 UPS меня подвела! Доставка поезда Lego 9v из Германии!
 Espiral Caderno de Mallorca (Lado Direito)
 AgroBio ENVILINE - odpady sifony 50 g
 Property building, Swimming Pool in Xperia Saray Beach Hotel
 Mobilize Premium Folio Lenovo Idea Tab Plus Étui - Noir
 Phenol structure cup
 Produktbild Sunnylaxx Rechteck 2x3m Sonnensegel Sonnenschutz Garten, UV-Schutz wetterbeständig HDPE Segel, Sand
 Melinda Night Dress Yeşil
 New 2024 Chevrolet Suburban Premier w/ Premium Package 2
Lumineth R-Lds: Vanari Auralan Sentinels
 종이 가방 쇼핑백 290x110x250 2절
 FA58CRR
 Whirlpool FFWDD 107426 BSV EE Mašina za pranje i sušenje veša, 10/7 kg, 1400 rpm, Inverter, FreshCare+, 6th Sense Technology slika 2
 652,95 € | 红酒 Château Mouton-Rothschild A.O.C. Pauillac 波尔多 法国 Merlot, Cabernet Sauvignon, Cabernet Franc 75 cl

..........

- [HOW TO COMPLETE THIS TASK]:
Copy nothing except the lines from the one with "Mobilize Premium Folio" through the end of the records; keep each exactly as it appears, first and last included.

- [RESULT BELOW]:
 Mobilize Premium Folio Lenovo Idea Tab Plus Étui - Noir
 Phenol structure cup
 Produktbild Sunnylaxx Rechteck 2x3m Sonnensegel Sonnenschutz Garten, UV-Schutz wetterbeständig HDPE Segel, Sand
 Melinda Night Dress Yeşil
 New 2024 Chevrolet Suburban Premier w/ Premium Package 2
Lumineth R-Lds: Vanari Auralan Sentinels
 종이 가방 쇼핑백 290x110x250 2절
 FA58CRR
 Whirlpool FFWDD 107426 BSV EE Mašina za pranje i sušenje veša, 10/7 kg, 1400 rpm, Inverter, FreshCare+, 6th Sense Technology slika 2
 652,95 € | 红酒 Château Mouton-Rothschild A.O.C. Pauillac 波尔多 法国 Merlot, Cabernet Sauvignon, Cabernet Franc 75 cl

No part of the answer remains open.